On rabbit alveolar macrophages prelabeled with double tracers of [3H]arachidonic acid (20:4) for 30 min (short-term labeling) and of [14C]20:4 for 12 h (long-term labeling), the relationship between phospholipid subclasses and the release of 20:4 on stimulation with opsonized-zymosan (OZ) was investigated. Stimulation with 500 micrograms of OZ/ml for 1 h caused a significant decrease in the radioactivity of incorporated [3H]20:4 in all phosphatidylcholine (PC) subclasses of the cells: by 48% in 1-O-alkyl-2-acyl-sn-glycerol-3-phosphocholine (alkylacyl-GPC), and by 24% in 1,2-diacyl-GPC (diacyl-GPC), and slightly in 1-O-alk-1'-enyl-2-acyl-GPC (alkylacyl-GPC). In phosphatidylethanolamine (PE) a significant decrease in the incorporated [3H]20:4 was also observed in the 1,2-diacyl-sn-glycerol-3-phosphoethanolamine (diacyl-GPE, 45%).

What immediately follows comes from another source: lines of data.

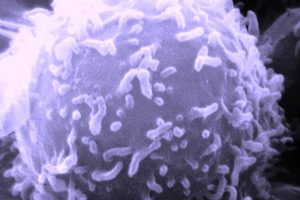 Human Immune System’s Complex Defense Network Fights Infection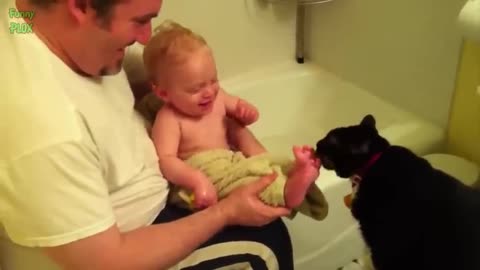 Babies Laughing at Cats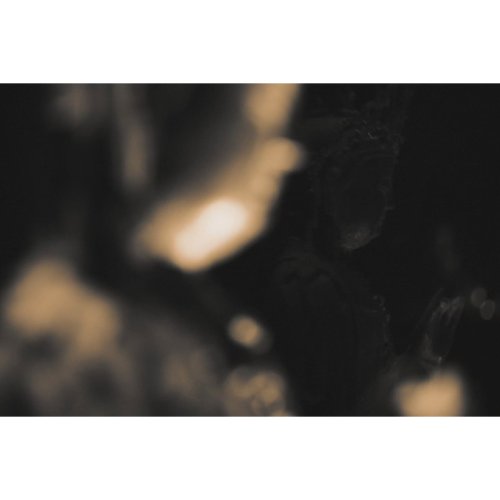 Carousel post from zhangdoa.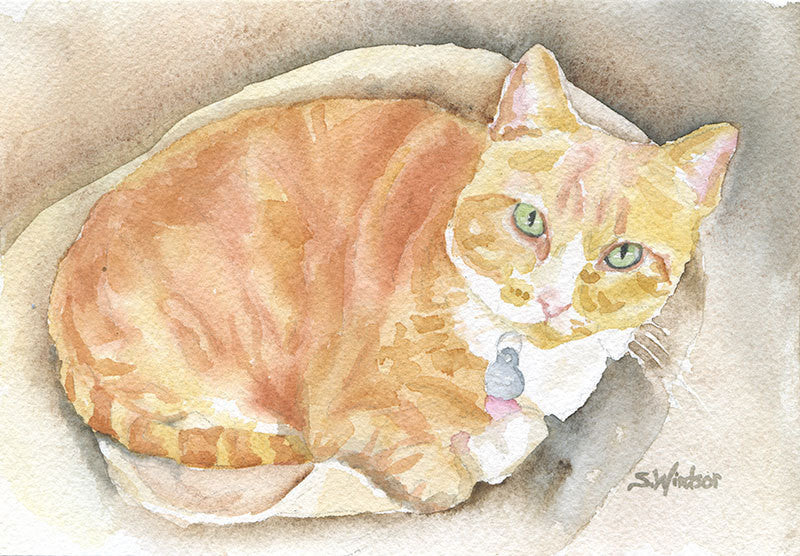 Custom Pet Portrait - your cat, dog, bunny or other creature - Classic Style Pen & Ink with fashion watercolour - Unique, Custom Art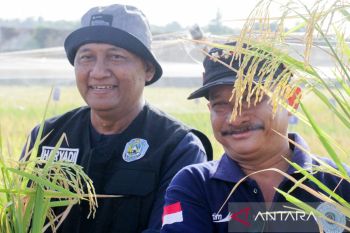 Bung Karna panen padi uji coba bibit unggul BK Situbondo
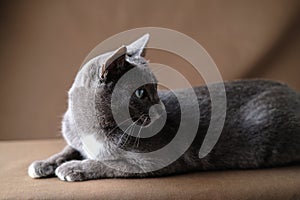 Korat cat lies on the brown cloth and look back post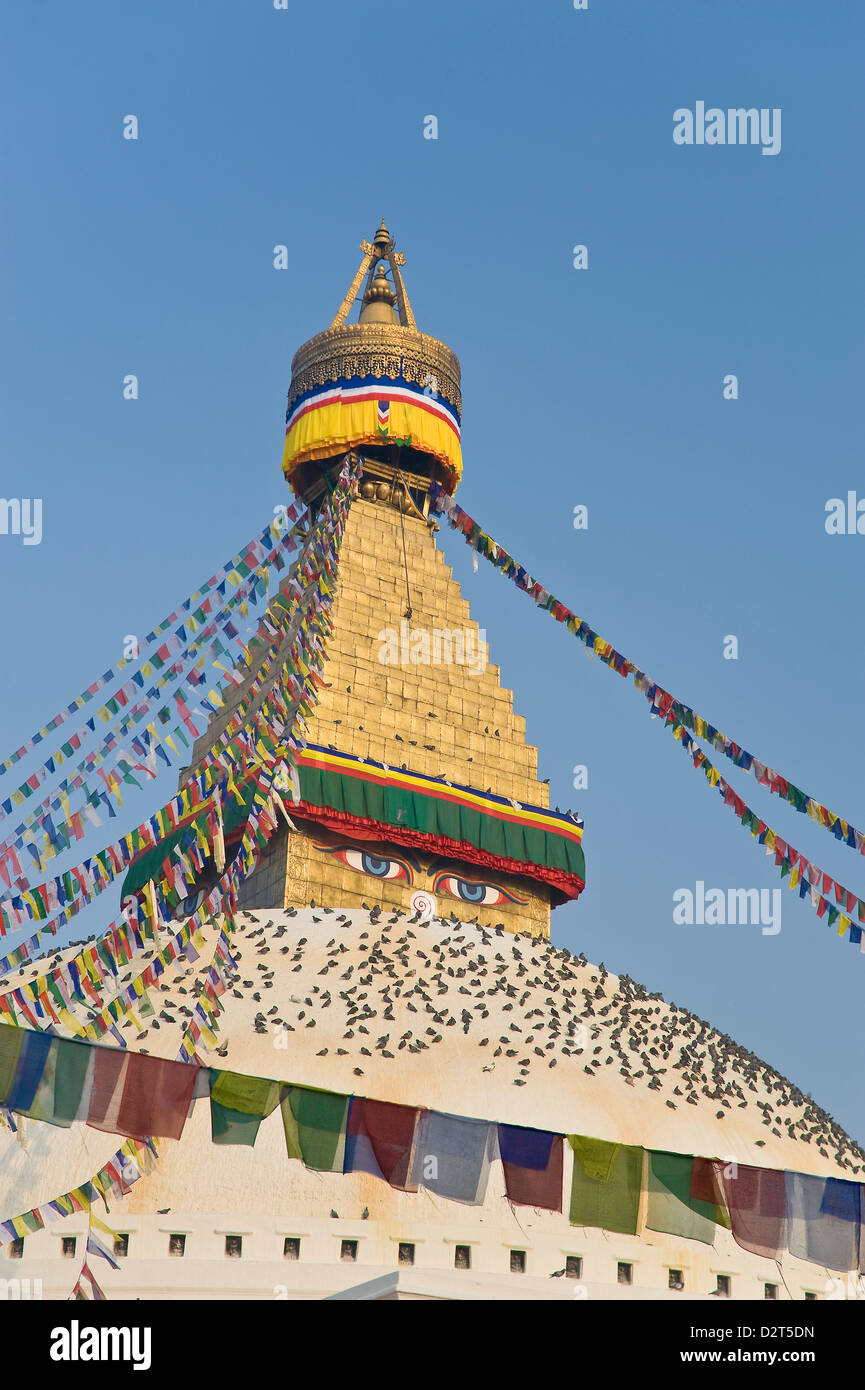 Boudhanath, UNESCO World Heritage Site, Katmandou, Népal, Asie Banque D'Images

On the other hand, the radio activity of [14C]20:4 incorporated by long-term labeling into PC decreased significantly, by approximately 40%, in the alkylacyl-GPC and slightly in the alkenylacyl-GPC. In PE, a significant decrease (approximately 32%) in radioactivity of [14C]20:4 was observed only in the alkenylacyl-GPE which incorporated the largest amount of [14C]20:4 among the cellular phospholipids in its labeling and which showed the biggest decrease in [14C]20:4 in the PC and PE subclasses on stimulation with OZ. These results suggest that on OZ stimulation of rabbit alveolar macrophages, PC and PE subclasses involved in the mobilization of 20:4 depend on each 20:4 pool which is extracted in the cells.